Quick-Witted. Museum Chief. Social Justice Leader.
By Diane Kline
At every turn, Jean Cavender has thrown her parents a curve ball. Raised in a Catholic conservative family, she worked for Reproductive Health Services, at one point lobbying in Jefferson City to keep abortion legal. She converted to Judaism, a religion that allowed her to reconcile her faith with reproductive freedom. And she became a liberal whose life’s work has been to end social injustice.
Along the way, she has survived cancer and worked at Saint Louis Effort for AIDS and at the Forum for Contemporary Art (now CAM). For the past 14 years, she has been director of the Holocaust Museum & Learning Center, where she encourages people to become change agents by speaking out about social injustice and preventing future atrocities from occurring.
Cavender, who was named “most witty” in her high school yearbook, relies on her humor and intelligence to win people over, especially when addressing complex and emotionally challenging subjects. Here are some thoughts on how she does it.
This political environment has led to a perfect storm.
Today, people are politically entrenched on both sides.

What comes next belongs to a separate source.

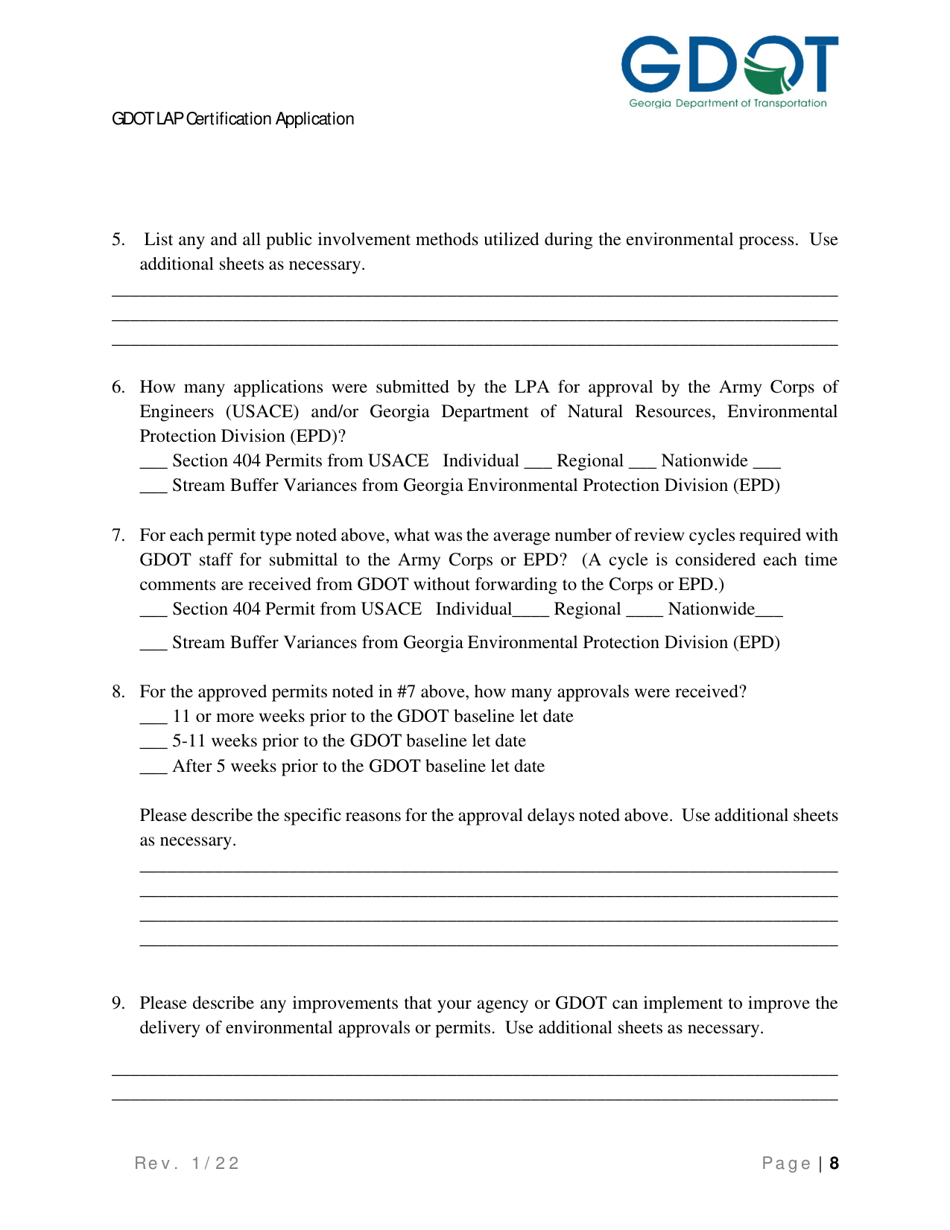 Local Administered Projects Certification Application - Georgia (United States), Page 14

There’s a lot to be worried about, but it gives me pause when people make comparisons to Germany in 1930. We still have the right to assemble, vote and speak our minds, all of which was shut down in Germany. And now young people are becoming activists, too. We just have to be vigilant.
It wasn’t a straight shot that got me here.

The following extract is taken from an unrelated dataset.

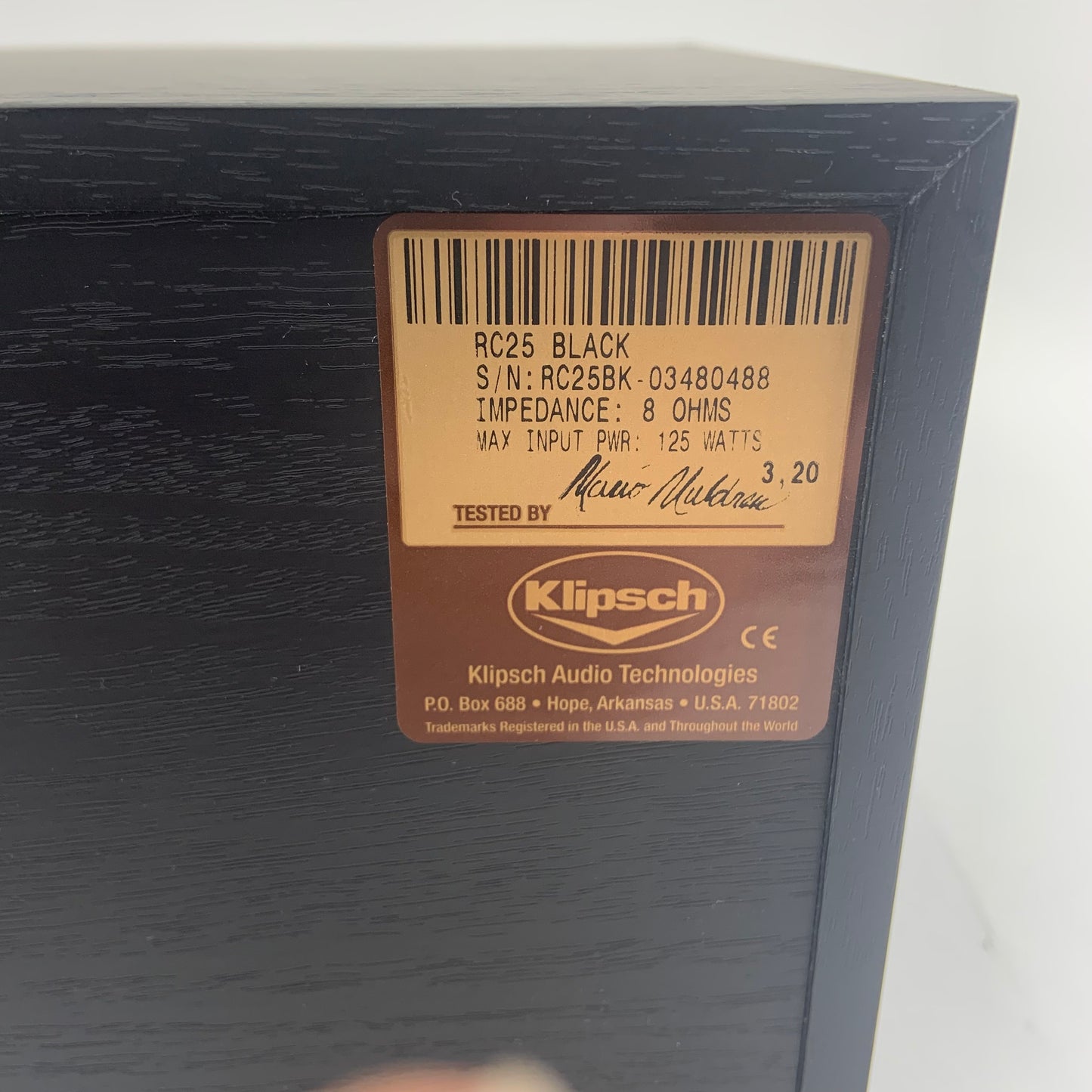 Klipsch Reference RC-25 Tapered Array Center Channel Loudspeaker W Dual Woofers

College wasn’t in the cards for me after high school because there was only money for my brother’s tuition. My parents planned for me to be a nurse, but working a few months in the hospital ended that idea! At age 28, I decided to go to UMSL, studying political science. My parents helped out as they could—they bought me groceries and they bought me a car, a brown car that looked like a nun should be driving it. They didn’t always understand my choices, but they always loved me unconditionally.
Don’t demonize people for attitudes that are different from yours.
I spent time in Jefferson City talking to legislators about reproductive rights. It was a tough sell. Only 12 people in the statehouse were pro-choice. Talking to opponents, I had to find common ground—for example, that women needed jobs and financial security, which could impact their decision on whether to end a pregnancy. Even though people disagree with you, look beyond their political beliefs and talk as human beings.
Just listen more.
Being the museum’s director has taught me not to jump in with my opinion, but to listen first. The board, the volunteers and the visitors have great ideas, and my job is to make sure they’re being heard, while still managing the work of the museum.
I want people to understand what it’s like to be “the other.”
What happens when you see social injustice occur? Do you speak out? I want to teach children and adults to say something. This is how we plant seeds of compassion and understanding. There’s a lot to work to do on hate, freedom of speech, pay inequity, medical ethics and myriad other issues. You have to stand up for people who can’t stand up for themselves.
My conversion to Judaism was hard on my mother.
My mother was devoutly Catholic, but I didn’t practice any religion after going to an all-girls’ Catholic high school. Then I worked at Reproductive Health Services, where most of the employees were Jewish, and I liked how they could question God—even argue with God. Being Jewish gave me a sense of community, especially at my temple, Central Reform Congregation in the city. My parents eventually came to understand my decision.
Keep your cool and keep them laughing.
Growing up, it was my sense of humor that got me through everything. I was able to say things to people, so they didn’t get offended. It’s about tone and delivery. People have asked me why I don’t become a comic, but it’s too hard. It’s much easier to work for reproductive rights!